I really do sympathise. But, based very much on how it was for me, can I ask you:
"It isn't so much the taste, although I did find myself looking sadly at a gorgeous Shiraz and some Dolcelatte and knowing I couldn't indulge in one of the most perfect marriages in gastronomy" - if you drink throughout a meal (or evening) what state is your palate in by the later stages of the meal? Do you HONESTLY appreciate "one of the most perfect marriages in gastronomy" or is it pearls before swine by that point?
"it is the growing exuberance, lightheartedness and joy that I find I miss in a crowd of good friends" - you say you miss this, but when was the last time you actually had it? I ask because personally, if my drinking had stayed like this, I would still be doing it and certainly wouldn't be looking to cut down or stop. I certainly remember that feeling as an undergraduate - by the time I was 27, things were very different ...

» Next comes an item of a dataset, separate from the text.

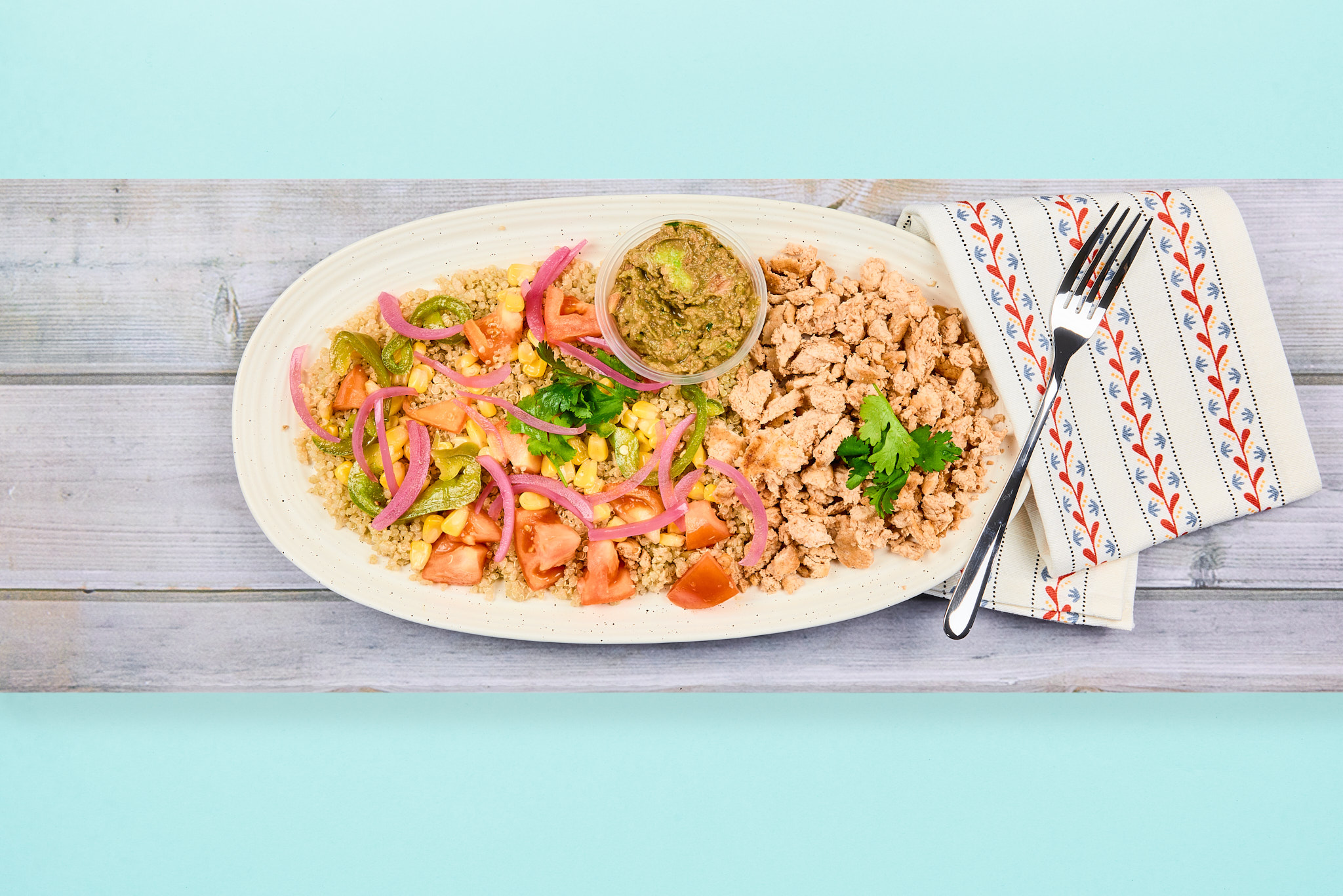 Chicken and Guacamole Bowl with Pickled Onions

"I suppose what I'm saying if I were honest is that it's the effect I miss" - do you really miss the actual effect, or, like me, is it a half-remembered, once-upon-a-time effect that you miss; that you already missed while still drinking, in fact, and that you were chasing in the hope of recapturing?
Again, looking back to those golden days, how many times then did you need to swig it from the bottle on the sly? Is that really part of the good times?
You're doing really well and it's great that you're getting honest - but the bottle will lie to you, given the chance, and it's that that threatens you, much more than the contents.
I don't know if you're happy yet to use the A word, but I am about me, and I like to remember, "the alcohol's in the bottle, the ism's in me."